NEW YORK — Home prices continued to rise this spring, but the pace of increase has slowed since late last year.
The S&P/Case-Shiller home price index, a closely watched measure of home values. posted a 9.3% annual increase in its May reading, down from the 10.8% rate in April. The rate of increase was as high as 13.7% in November before slowing every month since.
The good news for homeowners is that the index has now been up every month over the last two years — after posting drops almost every month over the previous five years.
Prices rose in all 20 cities measured by the index, with nine of those markets posting double-digit percentage gains.

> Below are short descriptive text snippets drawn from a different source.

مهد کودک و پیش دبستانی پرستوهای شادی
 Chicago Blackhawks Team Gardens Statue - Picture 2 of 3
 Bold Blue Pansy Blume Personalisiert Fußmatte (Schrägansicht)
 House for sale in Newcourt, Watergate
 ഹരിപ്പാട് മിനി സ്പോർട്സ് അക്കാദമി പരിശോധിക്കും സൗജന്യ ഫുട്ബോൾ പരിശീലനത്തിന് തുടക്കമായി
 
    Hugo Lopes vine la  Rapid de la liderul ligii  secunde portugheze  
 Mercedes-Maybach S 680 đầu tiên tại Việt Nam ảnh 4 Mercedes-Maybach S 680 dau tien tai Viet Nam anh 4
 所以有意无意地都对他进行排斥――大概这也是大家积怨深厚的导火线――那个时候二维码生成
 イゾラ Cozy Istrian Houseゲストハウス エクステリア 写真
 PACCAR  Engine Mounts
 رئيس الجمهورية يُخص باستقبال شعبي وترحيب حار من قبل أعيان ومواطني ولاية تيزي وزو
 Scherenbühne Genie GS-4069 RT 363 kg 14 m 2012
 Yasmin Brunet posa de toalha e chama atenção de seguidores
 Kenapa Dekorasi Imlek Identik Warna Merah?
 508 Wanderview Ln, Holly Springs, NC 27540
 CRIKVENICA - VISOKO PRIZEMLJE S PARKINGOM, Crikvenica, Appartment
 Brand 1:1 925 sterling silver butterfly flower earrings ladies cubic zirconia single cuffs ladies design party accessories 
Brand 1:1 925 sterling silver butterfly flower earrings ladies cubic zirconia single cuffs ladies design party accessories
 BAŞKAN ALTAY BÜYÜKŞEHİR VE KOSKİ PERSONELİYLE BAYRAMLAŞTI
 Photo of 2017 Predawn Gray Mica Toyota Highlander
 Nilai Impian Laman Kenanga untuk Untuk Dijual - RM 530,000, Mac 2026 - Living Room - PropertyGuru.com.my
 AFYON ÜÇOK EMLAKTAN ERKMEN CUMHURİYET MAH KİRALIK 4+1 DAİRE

The fastest growth was a 15.4% year-over-year jump in prices in San Francisco. The most modest gain was a 2.4% rise in Cleveland.
Most of the big gains were in markets in California and Florida, as well as Las Vegas. All of those markets were hit particularly hard by the housing bust that followed the home price bubble in the middle of the last decade.
A drop in mortgage foreclosures and unemployment, low mortgage rates and pent-up demand for people who had wanted to buy homes have combined to help lift home prices.
A recovery in home sales and prices have been a major driver of the rebound of the U.S. economy so far this year, as the jump in prices has increased household wealth. The price increases and low mortgage rates also helped many homeowners refinance their mortgages and lower their home payments.
But even with two years of increases, prices are still 17% below the peak reached at the height of the housing bubble in early 2006.